Turning back the pages of time, we find Gene Krupa, born the youngest of nine in 1909 of Slovak immigrants in the South Chicago area. In his early years, he worked for the Brown Music Company just off Commercial Avenue where he managed to put aside a small portion of his salary to buy a musical instrument . The cheapest available were the drums. His career began in 1929 when he went to New York where along with Benny Goodman and Glen Miller played in the pit band of George Gershwin’s musical “Strike Up The Band.” Gene formed his own band in 1938 which survived through the 1950’s .  His health became a problem and he was forced to retire from entertaining in 1967. Gene’s final public appearance was in a reunion of the old Goodman quartet in 1973. Later that same year he laid down his drumsticks and was put to rest at Holy Cross Cemetery in Calumet City.
       Jazz singer Gloria Van, nee Lucille Fanalla in 1920, moved to the East Side as a youngster after the death of her mother. She worked at Goldblatts in South Chicago behind the cookie counter. Her musical career encompassed jobs in her early years at Siegels Barbeque and Knowles Café in Hyde Park. A story was related that her father was a baker who sold yeast to two gangs who used the yeast to make beer. Al Capone told him not to sell to any other gang but his. Not heeding this advice, he was killed in 1929. Ms Van took the stage name of Gloria, touring the country , singing with Johnny “Scat” Davis , Hal McIntyre and Gene Krupa. She married Lynn Allison, big band singer and Music Shop owner. Hoagie Carmichael requested her to sing “Stardust” at the 1960 Chicago Music Festival at Soldier Field. She joined the heavenly choir in 2002 at age 82.
       Another south sider, Joni James, was born in 1930 as Joan Babo. She enjoyed dancing and joined a local group on a tour to Canada, and later as a; chorus girl at the Edgewater Beach Hotel. She changed her career to singing and was spotted by MGM and signed up in 1952. Her first hit “Why Don’t You Believe Me?” sold over a million copies . She was reported to be the first American to record at London’s Abby Road Studios.  After her first husbands death she began touring again in the mid-1990’s. She married Air Force General Bernard Schriever in 1997, who was an important figure in the ballistic missile development, and was widowed in 2005. For her contribution to the recording industry, she has a Star on the Hollywood Walk of Fame.     
(to be continued next issue)                                                                                                                                             by Gloria Novak

    Museum News
       Photos and other items from our collections continue to appear in exhibits, documentaries and on television.  The exhibit on Chicago neighborhood sports, which has several artifacts from our museum,  continues until October at the Harold Washington Library Special Collections on the ninth floor. 
       "Edens Lost and Found" a four hour / four city PBS series highlights practical solutions to improve the environment and quality of life in cities.  Several pictures from our collections were used in the Chicago segment of this production which aired on Channel 11 on May 18. 
       We are currently in discussion with the Chicago History Museum (formerly the Chicago Historical Society) regarding use of pictures from our collections for an exhibit on the Mexican community in Chicago.  They are interested in several images.
       We have provided a copy of an image of a woman waiting for a train at the East Side train station at 100th Street to the Sagamore Institute of the Adirondacks (a National Historic Landmark) for an exhibit they are planning. 
       Pictures from our collections were also used by the Illinois Labor History Society in a exhibit about Chicago's labor history.  The exhibit was displayed in the Daley Center Concourse in the Pedway. 
       Thanks to Victor Storino for his donation of several large aerial photographs of Republic Steel in its heyday.  We are in the process of mounting 4 of these photographs which provide a fascinating panorama of Republic Steel, the Calumet River, and Avenue O from about 107th Street to 132nd street. 

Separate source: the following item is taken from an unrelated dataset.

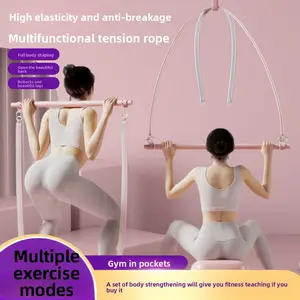 Pilates Stick Open Back Squat Peach Hip Fitness Yoga Home Pedal Puller Pull Bar Rope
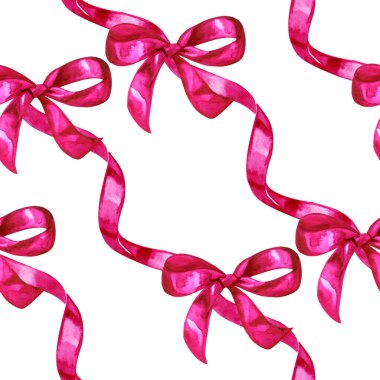 Suluboya yay, el izole çizilmiş pembe kurdeleler, seamless modeli, dekoratif resim illüstrasyon tasarımı tebrik kartı, düğün davetiyesi, ambalaj, reklam tatil için.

SE Chicago Historical Society Calendar

           
Thursdays                                 1:00-4:00pm                           Southeast Chicago Historical Museum
First Sunday of the month        12 noon - 3:00pm                   Southeast Chicago Historical Museum
Regular hours of the Southeast Chicago Historical Museum.  Collections and exhibits focus on the history of Chicago’s Southeast Side including the communities of South Chicago, South Deering, the East Side, and Hegewisch.  Museum is located in the Calumet Park Field House at 9801 S. Avenue G in Chicago. 

Due to the Labor Day holiday weekend the Southeast Chicago Historical Museum will not be open on Sunday, September 3.

July 21, 2006           Friday        5:00 pm                               Chicago Cable Television - Channel 19
July 23, 2006          Sunday        12 Noon                             Chicago Cable Television - Channel 19
Panel discussion and showing of “The Evolving Calumet: A Journey” a documentary film about the history, present condition, and potential of the main branch of the Calumet River.  The panel consists of the CEPA Video Committee, Judy Lihota, Grace Sowa, and Rod Sellers as well as the video production team Chris Boebel and Chris Walley.  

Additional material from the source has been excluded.